Comment by cryptonector

Comment by cryptonector 3 days ago

0 replies

I've been thinking about building a graph DB in PG with a DB schema that uses CRDT techniques. Every time I think about it the biggest problem ends up being about unique/primary keys, and then I end up with an idea that looks a lot like an Active Directory as for UNIQUE/PRIMARY KEY keys:

- every object has an ID from a single object ID namespace allocated in large chunks to all the participating servers, and

- first UNIQUE/PRIMARY KEY key creation wins / competing ones get renamed (to "Copy of <original>" or similar) or deleted.

I'm a fan of EAV schema design for graph DBs, so that's what my schema would use, at least for inter-object relations, though maybe also for object attributes (but that's tricky to do in PG since there is no ANY type for columns, even though the JSON and JSONB support essentially gives one an approximation of ANY).
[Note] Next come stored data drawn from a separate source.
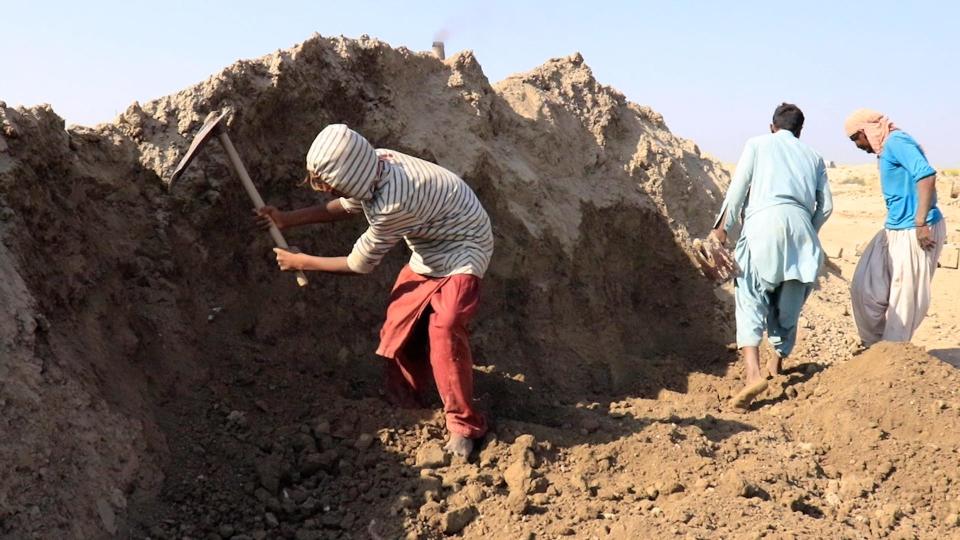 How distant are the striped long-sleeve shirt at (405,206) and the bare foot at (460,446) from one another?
2.37ft

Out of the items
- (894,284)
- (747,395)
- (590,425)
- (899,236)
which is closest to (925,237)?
(899,236)

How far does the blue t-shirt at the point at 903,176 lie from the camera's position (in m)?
5.04

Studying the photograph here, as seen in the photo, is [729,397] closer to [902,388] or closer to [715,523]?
[902,388]

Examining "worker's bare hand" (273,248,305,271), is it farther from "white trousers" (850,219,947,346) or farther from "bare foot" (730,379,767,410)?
"white trousers" (850,219,947,346)

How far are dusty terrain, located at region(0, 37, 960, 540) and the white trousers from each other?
46 cm

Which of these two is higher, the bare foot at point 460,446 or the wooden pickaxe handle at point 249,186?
the wooden pickaxe handle at point 249,186

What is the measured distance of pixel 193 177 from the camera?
4.38m

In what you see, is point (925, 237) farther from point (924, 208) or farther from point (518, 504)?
point (518, 504)

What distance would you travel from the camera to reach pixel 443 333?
3826mm

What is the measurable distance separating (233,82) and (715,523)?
10.3 feet

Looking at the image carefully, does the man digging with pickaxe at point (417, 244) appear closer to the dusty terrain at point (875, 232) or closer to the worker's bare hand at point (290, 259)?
the worker's bare hand at point (290, 259)

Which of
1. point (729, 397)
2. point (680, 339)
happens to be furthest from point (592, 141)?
→ point (729, 397)

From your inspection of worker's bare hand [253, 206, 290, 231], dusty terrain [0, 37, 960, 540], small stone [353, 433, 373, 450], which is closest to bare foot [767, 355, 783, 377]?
dusty terrain [0, 37, 960, 540]

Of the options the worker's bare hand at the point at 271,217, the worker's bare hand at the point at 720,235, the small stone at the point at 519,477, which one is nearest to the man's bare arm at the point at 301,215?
the worker's bare hand at the point at 271,217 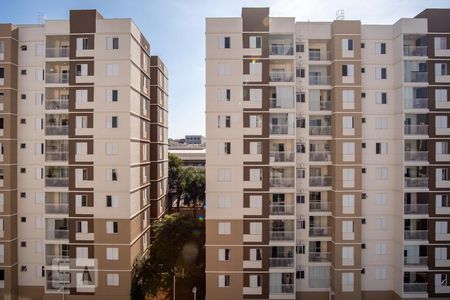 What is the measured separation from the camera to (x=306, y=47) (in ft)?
104

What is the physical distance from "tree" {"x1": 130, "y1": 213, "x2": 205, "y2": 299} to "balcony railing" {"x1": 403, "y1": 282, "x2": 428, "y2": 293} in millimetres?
19611

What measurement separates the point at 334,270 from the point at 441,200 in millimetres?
12466

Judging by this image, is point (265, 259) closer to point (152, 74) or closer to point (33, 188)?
point (33, 188)

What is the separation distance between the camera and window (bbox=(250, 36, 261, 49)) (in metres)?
30.5

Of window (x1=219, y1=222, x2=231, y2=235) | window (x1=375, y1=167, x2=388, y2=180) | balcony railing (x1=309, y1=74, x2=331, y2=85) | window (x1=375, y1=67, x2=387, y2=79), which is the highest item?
window (x1=375, y1=67, x2=387, y2=79)

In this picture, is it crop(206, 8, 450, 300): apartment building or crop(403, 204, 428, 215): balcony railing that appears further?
crop(403, 204, 428, 215): balcony railing

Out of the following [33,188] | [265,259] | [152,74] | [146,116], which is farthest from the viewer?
[152,74]

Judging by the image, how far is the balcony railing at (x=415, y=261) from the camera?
30.5 metres

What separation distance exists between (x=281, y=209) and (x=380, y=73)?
1678cm

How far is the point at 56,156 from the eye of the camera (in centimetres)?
3152

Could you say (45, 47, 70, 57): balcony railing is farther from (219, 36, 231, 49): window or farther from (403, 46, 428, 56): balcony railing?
(403, 46, 428, 56): balcony railing

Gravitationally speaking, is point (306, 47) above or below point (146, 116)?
above

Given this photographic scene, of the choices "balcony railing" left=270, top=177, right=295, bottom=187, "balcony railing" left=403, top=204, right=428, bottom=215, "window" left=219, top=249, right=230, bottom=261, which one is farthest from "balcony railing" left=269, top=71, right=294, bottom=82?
"window" left=219, top=249, right=230, bottom=261

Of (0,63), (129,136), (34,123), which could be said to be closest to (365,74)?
(129,136)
Why EAV? Because graph traversal (for transitive closure or reachability closure computations) is very simple to express generically in SQL when using EAV schemas, using a RECURSIVE CTE).
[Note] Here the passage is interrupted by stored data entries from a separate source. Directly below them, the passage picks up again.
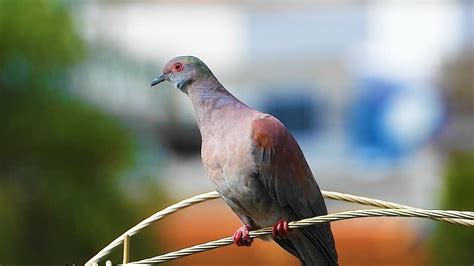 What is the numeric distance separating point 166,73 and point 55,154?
4504mm

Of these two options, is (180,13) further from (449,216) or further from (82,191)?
(449,216)

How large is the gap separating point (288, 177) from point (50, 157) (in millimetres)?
4638

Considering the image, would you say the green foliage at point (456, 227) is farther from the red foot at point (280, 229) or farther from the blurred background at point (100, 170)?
the red foot at point (280, 229)

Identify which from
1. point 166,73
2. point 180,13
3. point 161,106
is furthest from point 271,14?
point 166,73

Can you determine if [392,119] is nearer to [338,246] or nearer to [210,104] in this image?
[338,246]

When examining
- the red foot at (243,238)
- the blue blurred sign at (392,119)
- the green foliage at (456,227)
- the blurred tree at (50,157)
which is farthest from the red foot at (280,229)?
the blue blurred sign at (392,119)

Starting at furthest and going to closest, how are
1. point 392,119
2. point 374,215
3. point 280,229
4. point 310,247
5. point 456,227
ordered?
point 392,119 → point 456,227 → point 310,247 → point 280,229 → point 374,215

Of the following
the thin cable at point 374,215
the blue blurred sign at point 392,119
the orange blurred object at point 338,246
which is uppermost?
the thin cable at point 374,215

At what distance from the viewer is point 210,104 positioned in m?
4.24

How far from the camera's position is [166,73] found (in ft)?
13.9

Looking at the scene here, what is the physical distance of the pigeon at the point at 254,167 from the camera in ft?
13.4

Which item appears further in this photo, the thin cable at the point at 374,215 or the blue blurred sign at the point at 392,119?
A: the blue blurred sign at the point at 392,119

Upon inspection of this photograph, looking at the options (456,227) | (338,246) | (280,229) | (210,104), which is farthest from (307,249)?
(338,246)

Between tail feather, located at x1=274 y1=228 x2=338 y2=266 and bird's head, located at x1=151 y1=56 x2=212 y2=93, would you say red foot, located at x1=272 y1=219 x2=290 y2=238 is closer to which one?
tail feather, located at x1=274 y1=228 x2=338 y2=266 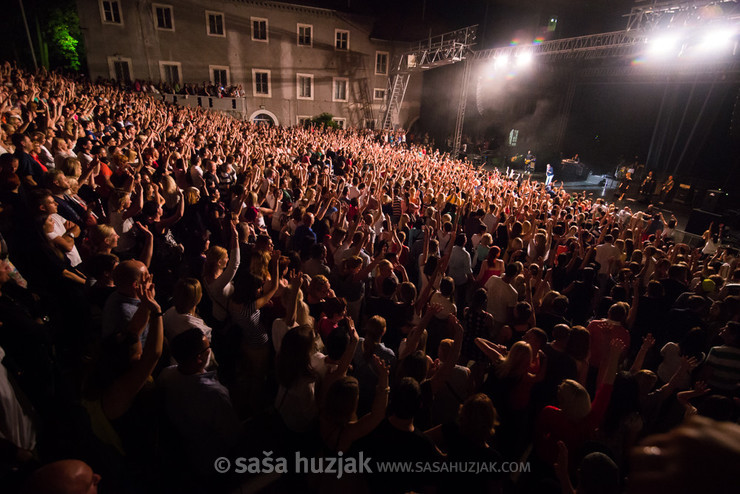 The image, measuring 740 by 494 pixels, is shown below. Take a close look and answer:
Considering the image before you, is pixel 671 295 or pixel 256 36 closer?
pixel 671 295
Yeah, so you have to re-implement FOREIGN KEY functionality, but you use the same sort of SQL that the RDBMS would generate internally for FKs, so no problem.

EAV also ends up creating a second layer of schema: for the application whose metaschema you define in the selected RDBMS' language (typically SQL). But then another thing you get trivially out of EAV schemas is class inheritance for your higher-level schema, and, yeah, OOP _is_ bad, but for a graph DB it's actually quite handy and convenient, and it need not bleed into client applications. SQL RDBMSes often don't really do inheritance well -- at least PG doesn't.

It'd be nice to be able to create first-class CRDT types in PG for columns that are not UNIQUE/PRIMARY KEY columns... but IIUC while you can create TYPEs and operators, you can't limit the operators to the type's monoid operators. The CRDTs for the non-key columns would have to be exported to the application schema layer, which is what I'd want anyways. The typical CRDTs for non-key columns would be ones like the one in TFA, especially last-write-wins types.

All of this is by way of answering your question by mentioning PG's first-class TYPEs and operators: CRDTs _can_ be built into the RDBMS, or the RDBMS can let you implement them yourself. But a question I have is: what is the application in the RDBMS context? Is it... the SQL tables and views? The tables, views, triggers, and the rest of the SQL schema? Is it the code that generates SQL statements and sends them to the RDBMS? Is it both those things (schema, clients)? The answer will depend on how much of the business logic you end up implementing in the SQL schema.